### What to work on
Among the lines below, take the one holding "Whirlpool Whole House", the one holding "Oversized Jumpers*boohoo Cable", and all lines between them. Set them down exactly.

### Input material
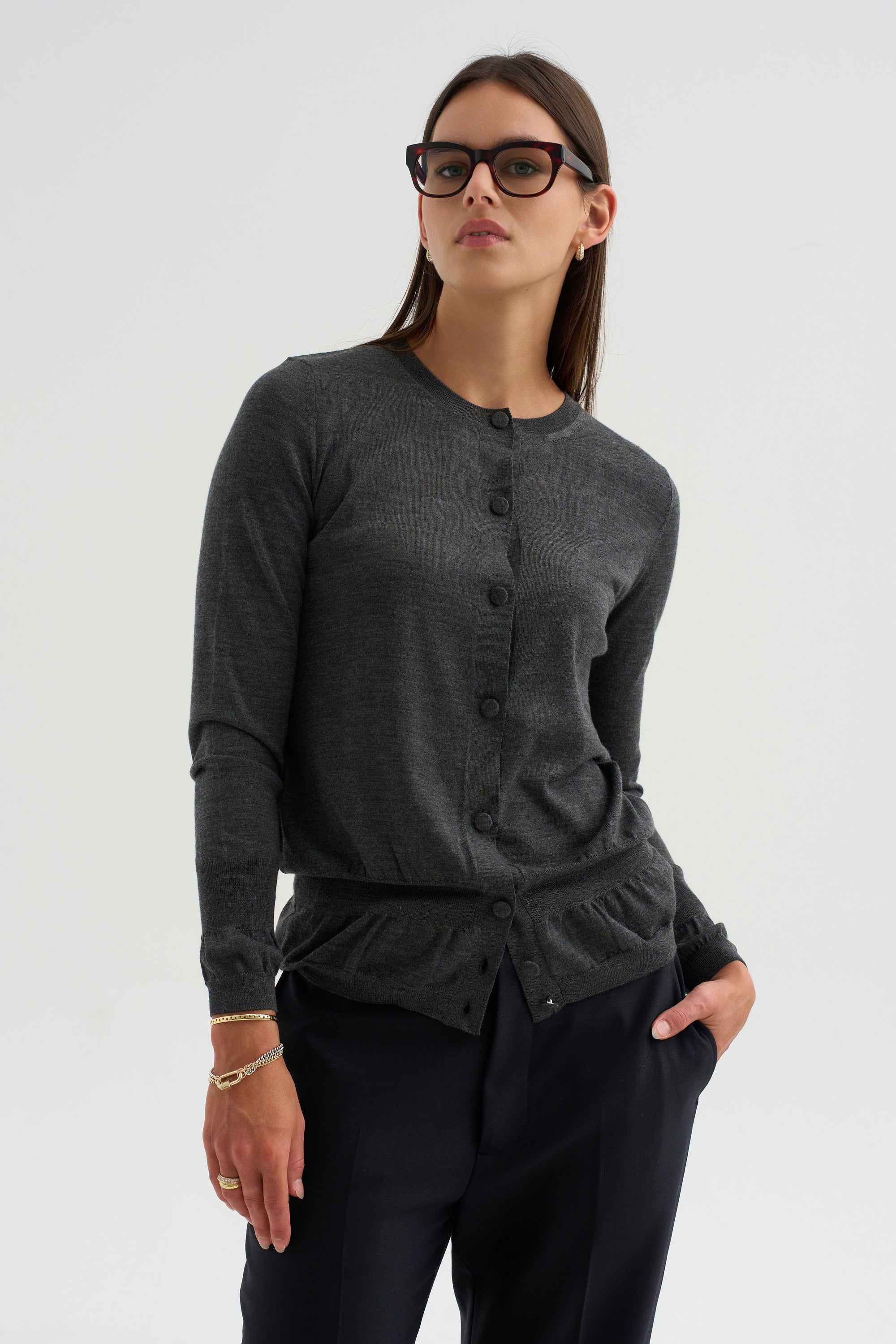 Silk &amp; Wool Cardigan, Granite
==
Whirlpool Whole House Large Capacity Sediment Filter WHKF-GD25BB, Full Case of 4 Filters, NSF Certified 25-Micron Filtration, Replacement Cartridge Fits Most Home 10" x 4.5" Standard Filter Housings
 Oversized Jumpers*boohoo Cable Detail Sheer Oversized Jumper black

### Answer to this problem
Whirlpool Whole House Large Capacity Sediment Filter WHKF-GD25BB, Full Case of 4 Filters, NSF Certified 25-Micron Filtration, Replacement Cartridge Fits Most Home 10" x 4.5" Standard Filter Housings
 Oversized Jumpers*boohoo Cable Detail Sheer Oversized Jumper black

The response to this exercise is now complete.